VMan is an American men's fashion magazine published as an offshoot of V Magazine, since 2003. The magazine is printed biannually and highlights trends in men's fashion, film, music and art.

History and profile
VMan was established in 2003 by Visionaire Publishing, also responsible for V and Visionaire. As V’s glossy masculine counterpart, regarded as "the vanguard of men’s fashion destinations", the biannual issues reflects the global VMan reader, delivering an unparalleled mix of trend reports, service-based coverage, and celebrity profiles. VMan releases two print issues a year, one for each combined seasonal collections; Spring/Summer and Fall/Winter.

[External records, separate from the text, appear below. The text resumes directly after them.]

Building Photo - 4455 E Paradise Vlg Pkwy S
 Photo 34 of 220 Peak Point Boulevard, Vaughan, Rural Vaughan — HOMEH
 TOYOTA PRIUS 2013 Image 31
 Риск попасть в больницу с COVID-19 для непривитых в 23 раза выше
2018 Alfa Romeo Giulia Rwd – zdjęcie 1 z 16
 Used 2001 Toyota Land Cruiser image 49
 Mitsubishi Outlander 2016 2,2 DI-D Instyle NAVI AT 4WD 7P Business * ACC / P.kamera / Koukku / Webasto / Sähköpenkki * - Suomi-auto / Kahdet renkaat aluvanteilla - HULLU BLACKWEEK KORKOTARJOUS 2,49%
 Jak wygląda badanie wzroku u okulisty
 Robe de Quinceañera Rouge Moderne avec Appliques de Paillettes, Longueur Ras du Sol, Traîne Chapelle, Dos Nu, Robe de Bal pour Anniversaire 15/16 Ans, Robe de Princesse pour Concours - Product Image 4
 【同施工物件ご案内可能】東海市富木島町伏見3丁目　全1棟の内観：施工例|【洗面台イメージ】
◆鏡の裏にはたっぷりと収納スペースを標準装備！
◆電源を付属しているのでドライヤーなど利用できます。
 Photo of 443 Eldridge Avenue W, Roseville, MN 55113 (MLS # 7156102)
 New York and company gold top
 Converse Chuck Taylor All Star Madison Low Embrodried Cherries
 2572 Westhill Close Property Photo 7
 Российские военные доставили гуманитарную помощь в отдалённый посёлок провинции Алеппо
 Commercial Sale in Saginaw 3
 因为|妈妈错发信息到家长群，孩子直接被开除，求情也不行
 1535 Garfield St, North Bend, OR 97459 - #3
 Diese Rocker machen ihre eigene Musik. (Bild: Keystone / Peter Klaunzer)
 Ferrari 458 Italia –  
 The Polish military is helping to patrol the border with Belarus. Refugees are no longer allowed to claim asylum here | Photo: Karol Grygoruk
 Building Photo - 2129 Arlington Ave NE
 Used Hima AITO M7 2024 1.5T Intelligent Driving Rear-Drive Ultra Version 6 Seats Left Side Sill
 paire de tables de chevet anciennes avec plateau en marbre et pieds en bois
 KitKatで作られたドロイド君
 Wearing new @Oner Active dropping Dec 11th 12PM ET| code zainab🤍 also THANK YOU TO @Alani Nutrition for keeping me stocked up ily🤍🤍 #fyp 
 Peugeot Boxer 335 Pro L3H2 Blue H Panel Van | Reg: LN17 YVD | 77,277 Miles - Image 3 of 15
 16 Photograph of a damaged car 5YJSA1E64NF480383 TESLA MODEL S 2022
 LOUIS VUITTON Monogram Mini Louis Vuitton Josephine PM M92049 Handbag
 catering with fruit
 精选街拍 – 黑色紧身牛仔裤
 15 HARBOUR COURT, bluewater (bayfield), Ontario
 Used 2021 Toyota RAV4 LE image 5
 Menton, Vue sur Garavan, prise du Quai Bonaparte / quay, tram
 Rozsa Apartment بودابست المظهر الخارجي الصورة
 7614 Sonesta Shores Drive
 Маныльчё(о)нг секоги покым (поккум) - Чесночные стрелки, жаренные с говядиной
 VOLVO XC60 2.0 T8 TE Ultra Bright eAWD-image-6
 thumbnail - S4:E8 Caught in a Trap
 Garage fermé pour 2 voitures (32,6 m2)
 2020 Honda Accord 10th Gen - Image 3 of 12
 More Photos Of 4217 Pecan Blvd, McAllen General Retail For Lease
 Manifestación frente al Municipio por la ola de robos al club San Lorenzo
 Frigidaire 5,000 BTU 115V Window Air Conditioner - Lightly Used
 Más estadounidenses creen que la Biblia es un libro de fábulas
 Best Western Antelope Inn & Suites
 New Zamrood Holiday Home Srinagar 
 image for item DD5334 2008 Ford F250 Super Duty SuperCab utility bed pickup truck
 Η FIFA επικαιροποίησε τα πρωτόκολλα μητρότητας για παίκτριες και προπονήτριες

Since its launch, the long-running men’s resource has continued to showcase the best of menswear and offer a curated display of art, film, design, travel, music, grooming, and sports. Lead by editor-in-chief Stephen Gan, past contributors have included Inez van Lamsweerde and Vinoodh Matadin, Hedi Slimane, Mario Testino, Steven Klein, Nick Knight, David Sims, Bruce Weber, and Karl Lagerfeld.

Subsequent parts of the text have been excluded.